Every entry must be set down exactly in the answer; no pictures should appear.

START Record excerpts

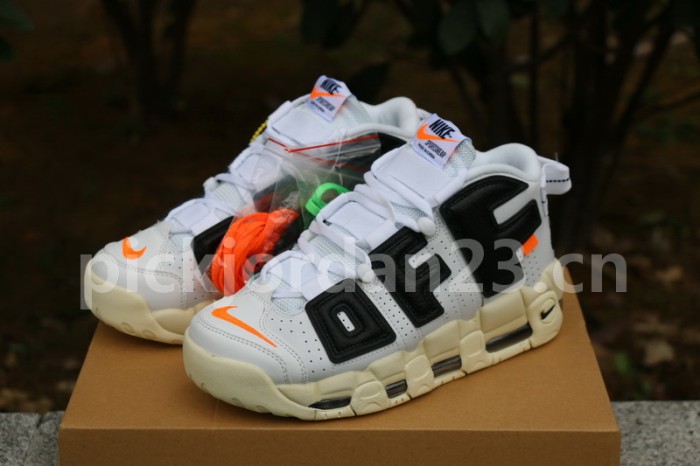 Authentic OFF-WHITE x Nike Air More Uptempo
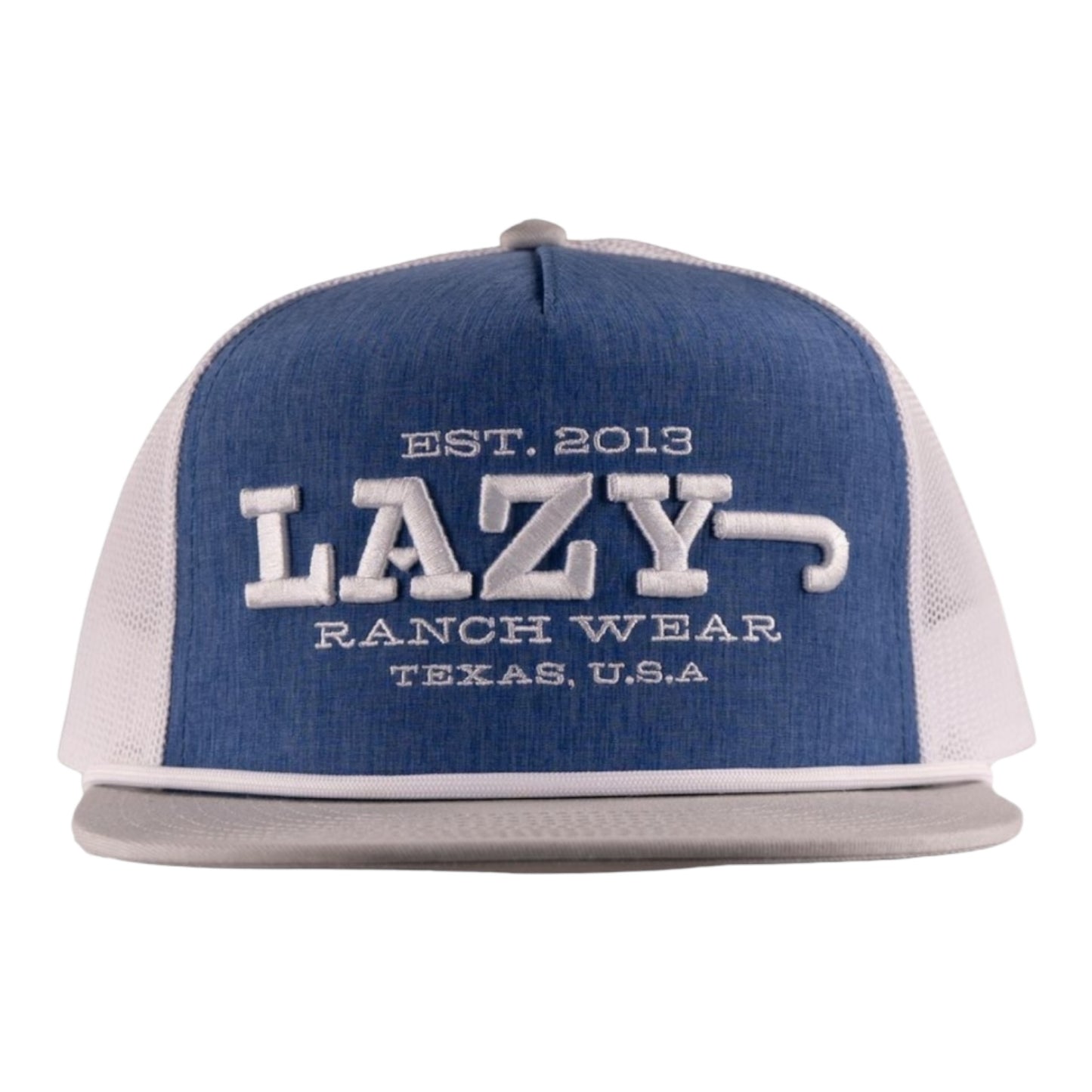 Lazy J Ranch - Blue & White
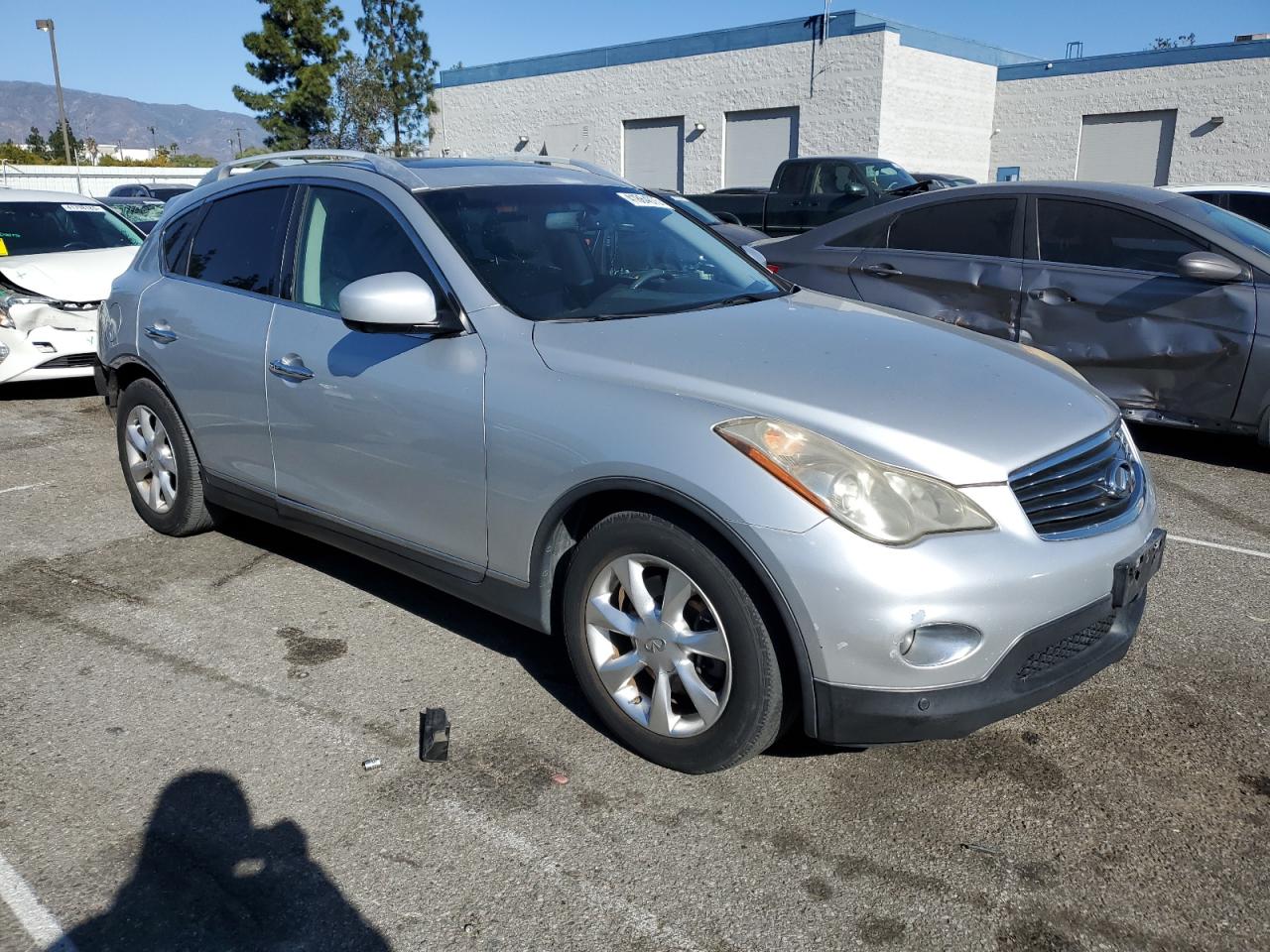 2010 Infiniti EX VIN JN1AJ0HR4AM750566 Copart auction photo, rear end damage thumbnail 4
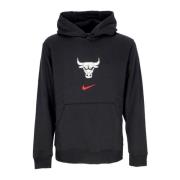 Chicago Bulls City Edition Hoodie Nike , Black , Heren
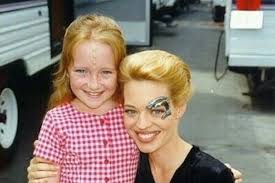 Scarlett Pomers with Jeri Ryan Star Trek Voyager Naomi Wildman character
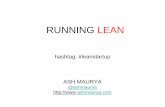 RUNNING LEAN - WordPress.com… · This is a Lean Canvas which is my adaptation of Alex Osterwalder’s BMC. You’ll recognize a lot of similar sections with a busi\൮ess plan.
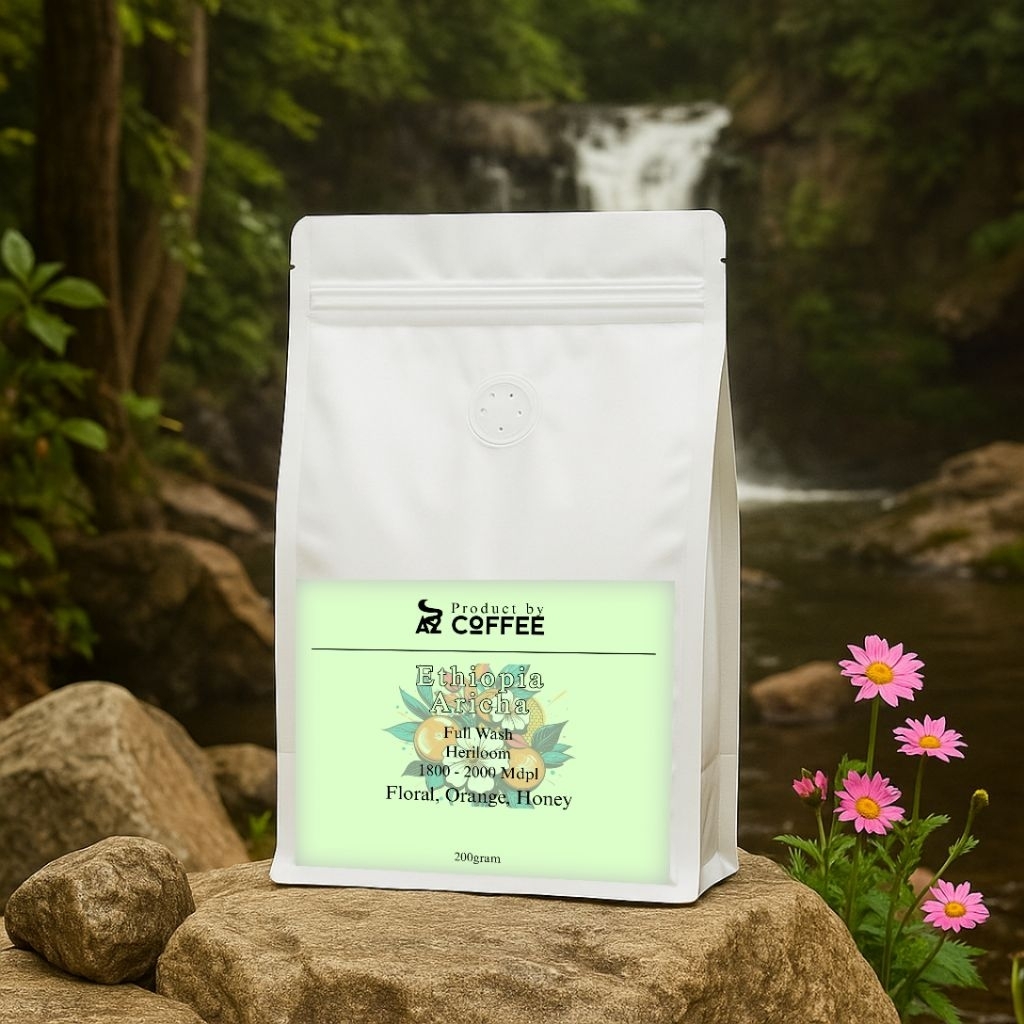 

A2Coffee Biji Kopi Arabika Roasted Beans Arabica Ethiopia Aricha 200gr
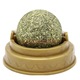 Jucarie Pisici - Sfera din Iarba matei catnip, spate Adeziv, Auriu, Sigilat in punga zip-lock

END Record excerpts

= Solution =
 Authentic OFF-WHITE x Nike Air More Uptempo
 Lazy J Ranch - Blue & White
 2010 Infiniti EX VIN JN1AJ0HR4AM750566 Copart auction photo, rear end damage thumbnail 4
 Chicago Bulls City Edition Hoodie Nike , Black , Heren
 Scarlett Pomers with Jeri Ryan Star Trek Voyager Naomi Wildman character
 RUNNING LEAN - WordPress.com… · This is a Lean Canvas which is my adaptation of Alex Osterwalder’s BMC. You’ll recognize a lot of similar sections with a busi\൮ess plan.

A2Coffee Biji Kopi Arabika Roasted Beans Arabica Ethiopia Aricha 200gr
 Jucarie Pisici - Sfera din Iarba matei catnip, spate Adeziv, Auriu, Sigilat in punga zip-lock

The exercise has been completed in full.